Surprisingly, her output had rarely landed in Italy prior to this exhibition curated by Sarah Hermanson Meister, Director of Aperture (a nonprofit foundation established in 1952 by photographers and writers as “common ground for the advancement of photography”) and who for more than two decades headed the photography department at the Museum of Modern Art in New York. Labeled as an activist on issues of race and gender, Weems offers a narrative so authentic and direct that it engages even the most detached observer. It is a gaze that expresses “the urgency of taking individual responsibility in redressing injustice,” says the curator. Yet, Weems’ message does not exude rancor, but opens up the possibility of constructive civic engagement, without dissipating energy in the search for culprits, favoring instead an awareness of history in order to observe the present with renewed lucidity.

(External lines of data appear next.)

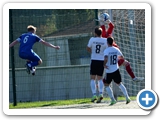 Saison 2025/2026 * LL 3 * 28.09.2025 * FV Möhringen - FC Neustadt  3 : 1  (1:0)
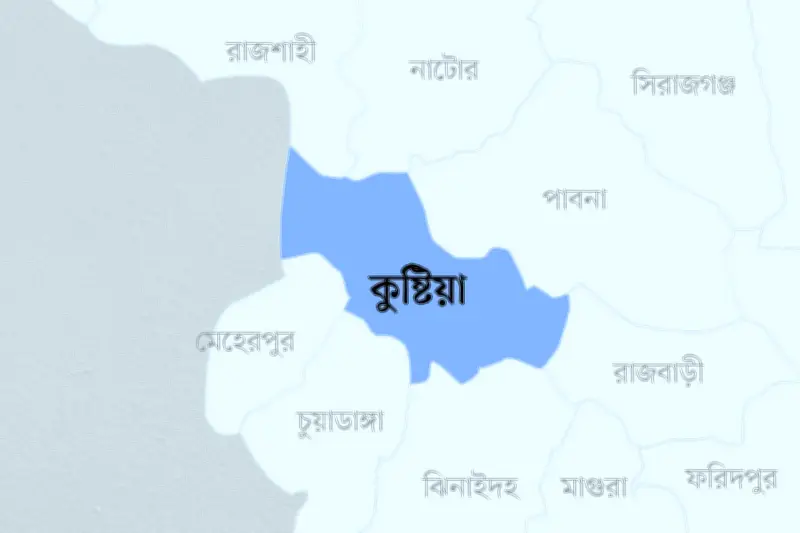 প্রেমিকাকে বিয়ে করতে এসে বিষপান, হাসপাতালে ভর্তি তরুণ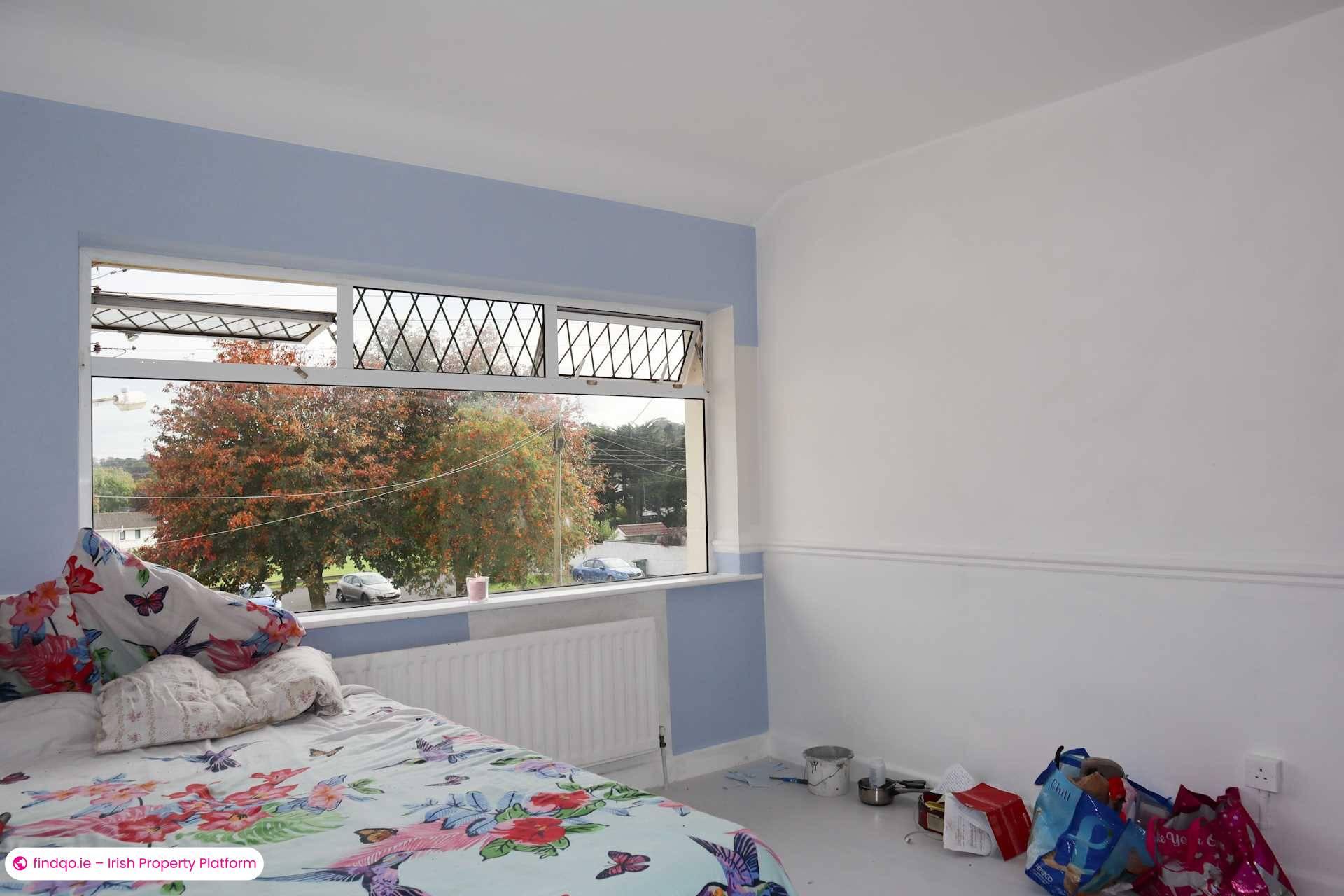 Terraced house for Sale in Dublin 18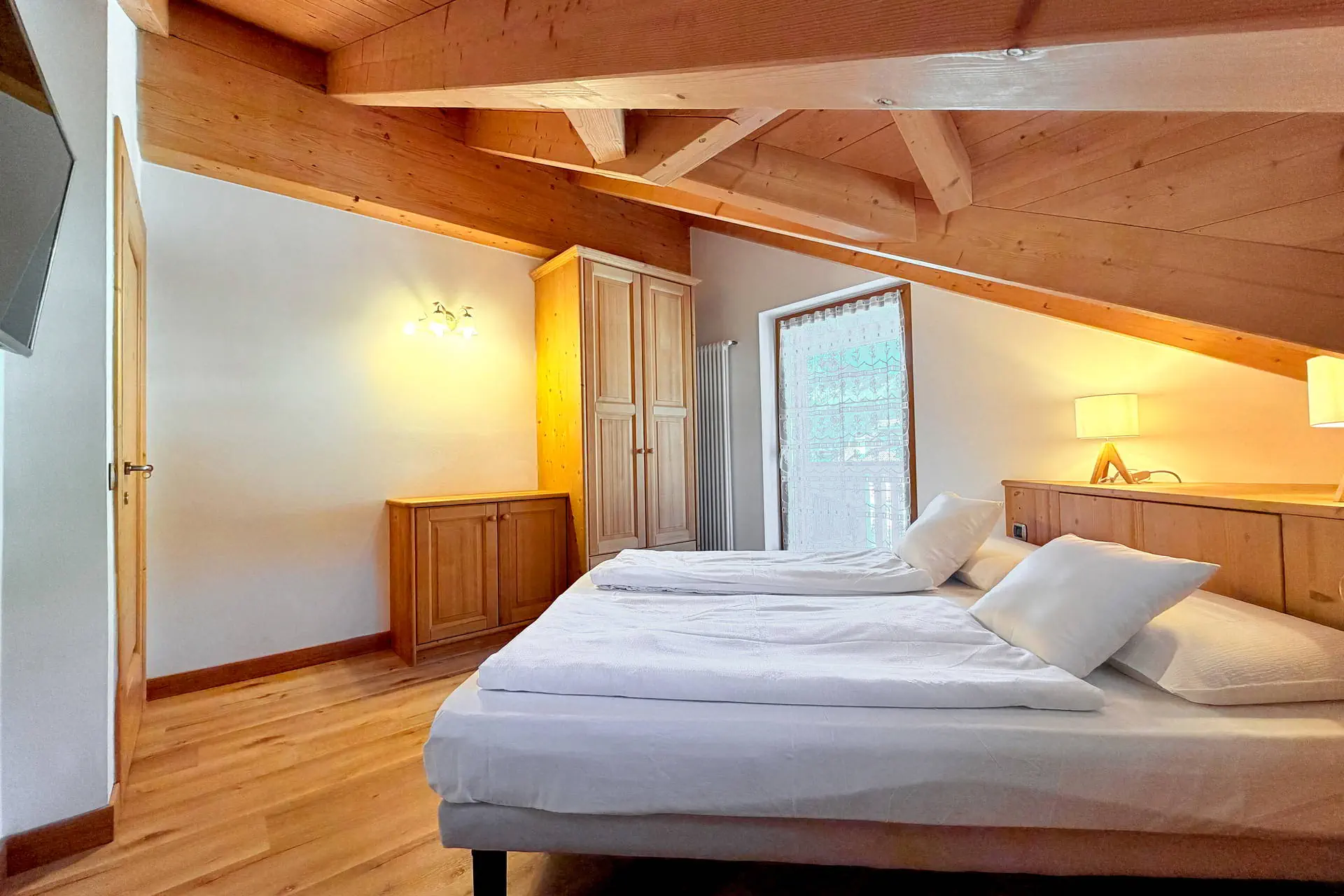 B&B Cesa Planber - zdjęcie 19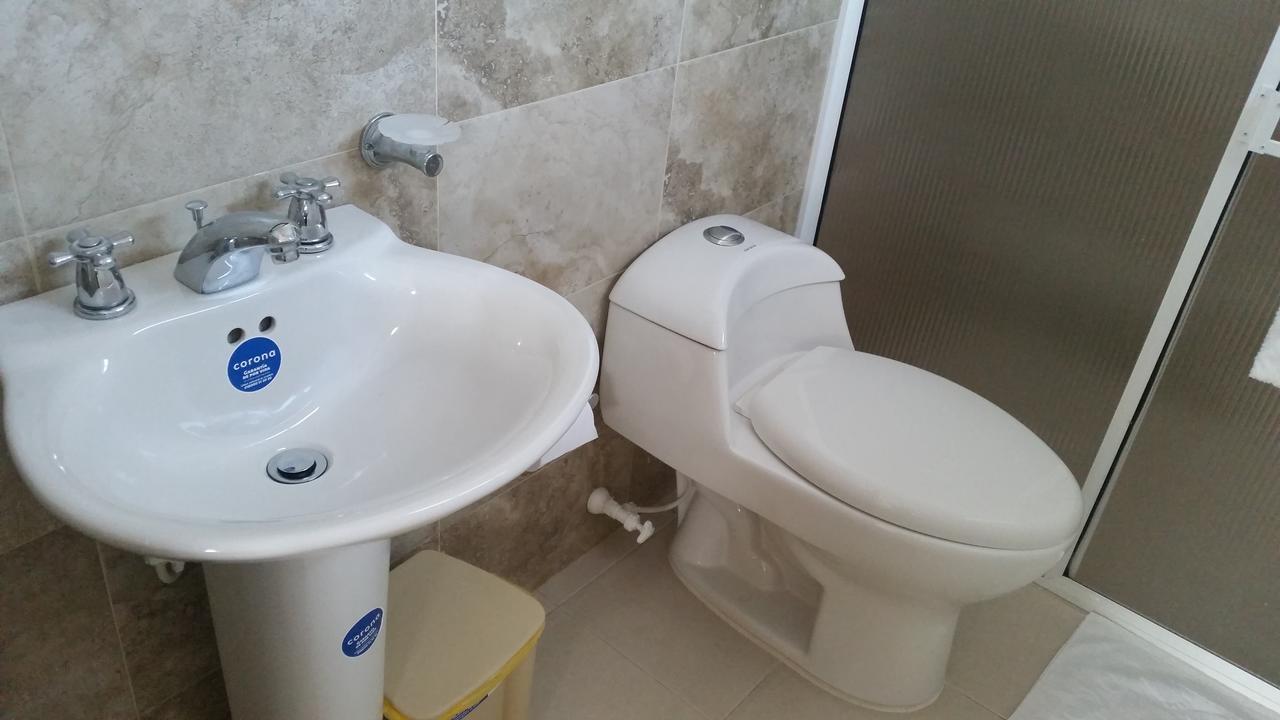 Quarto Quádruplo Superior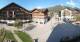 Seefeld in Tirol 30.04.2025 18:10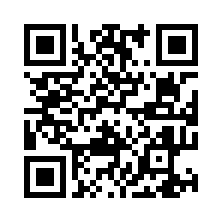 QR Code for bitcoin:1D4pLyepFnY8fXZUjrtgC9NgEh4KC7GCyM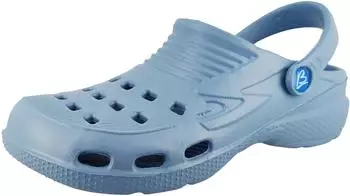 Beck Clogs 956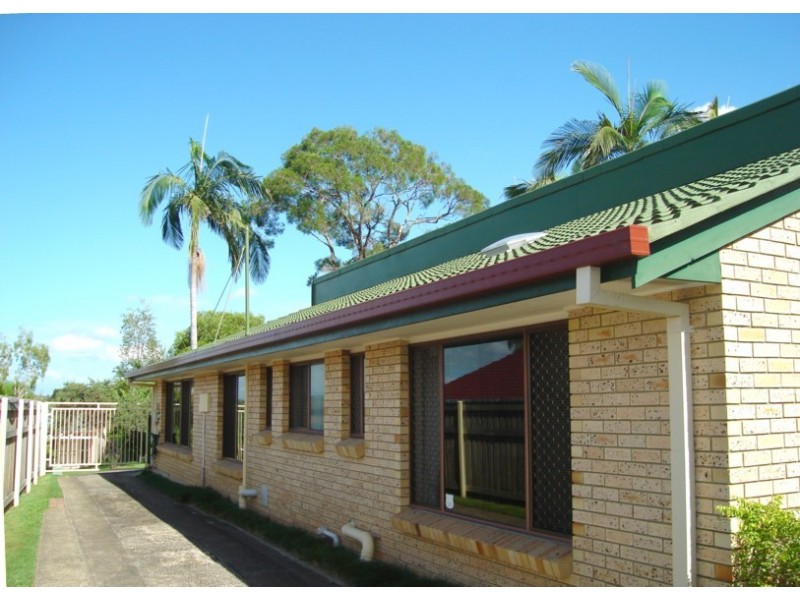 Westlake QLD 4074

This retrospective, composed of works from her most emblematic photographic series, allows visitors to retrace the broad arc of her career, participating in her spiritual and personal journey, concluding with Preach, a never-before-seen project commissioned by Intesa Sanpaolo, documenting the Black Church, or those places of worship that are fundamental to African American communities. Interweaving photographs both recent and from previous projects, Weems depicts churches set up in basements, modest signs, spartan furnishings contrasting with glittering robes, ecstatic dances and vibrant choirs. The image of a truly resilient African American culture emerges overpoweringly, one that has overcome violence and segregation, self-determining itself to the rhythm of Duke Ellington’s music, in the words of Martin Luther King and all those who, as Weems states, “prayed against the wind.”
In previous works Weems is explicitly featured. With her experience as a performer she has shaped a persona of herself, an alter ego who appears from behind in numerous photographic series. Of this figure she says, “this woman can represent me or you; she can embody the audience, she accompanies you in the story.” She made her first appearance in the Kitchen Table Series of 1990; here, with an incisive and essential narrative, she reveals a glimpse into the life of a woman in her maturity, first in the relationship of a couple that blossoms, evolves, but then comes into crisis and dissolves, then motherhood, family, friendships, and loneliness. The framing remains unchanged: a table and a lamp, to which are added significant objects that enrich the role of each character. And any woman, regardless of ethnicity, age or political creed, will be able to recognize herself, if nothing else, in the process of processing a separation: emptiness, female solidarity, introspection and finally newfound lightness.
The protagonist of almost all her subsequent projects, Carrie Mae Weems never falls into self-referentiality: “I found that I was the point of reference, the point of view that directed the viewer to people like me in history.” This her role as visionary guide is also evident from Museums, a project started in 2006 and still evolving, where the Weems-character, now identifiable by her long black dress, always portrayed from behind, contemplates museums around the world. Majestic, imposing, monumental spaces, curiously all white and magically deserted, before which this composed, dark figure almost dissolves, evoking the absence of representations of artists of color in global cultural institutions. Thus, in the repetition of this enigmatic figure as the background changes, the whole acquires an overwhelming communicative power. “Weems forces us not only to hear but to listen, not only to look but to see,” says the curator.
The exhibition closes with his 2021 work Painting the Town where large-scale works show wooden planks covering storefronts. After the murder of George Floyd by police, and subsequent demonstrations by the Black Lives Matter movement, store owners covered doors and windows with plywood panels to protect them from the protesters’ murals and graffiti. These new surfaces became pages on which to build an unprecedented form of resistance, which in turn were erased with improvised colorful paints that make Weems’ photographs resemble Rothko’s canvases. For the artist, these erasures represent the mechanism of power that silences the protest and identity of African American culture, embodying a tangible censorship so devastating that it annihilates any voice. Works so elemental in their conception and yet charged with extraordinary eloquence.
At the end of this exhibition, it seems that Carrie Mae Weems has answered the request that De Gregori sang: “tell me what you see from there, tell me that everything is clearer than here.” And today as the world burns outside, it may not be able to offer us definitive answers, but it will allow us to see with clarity the flames that blaze, inviting us not to look away from the uncomfortable truths that demand our collective engagement.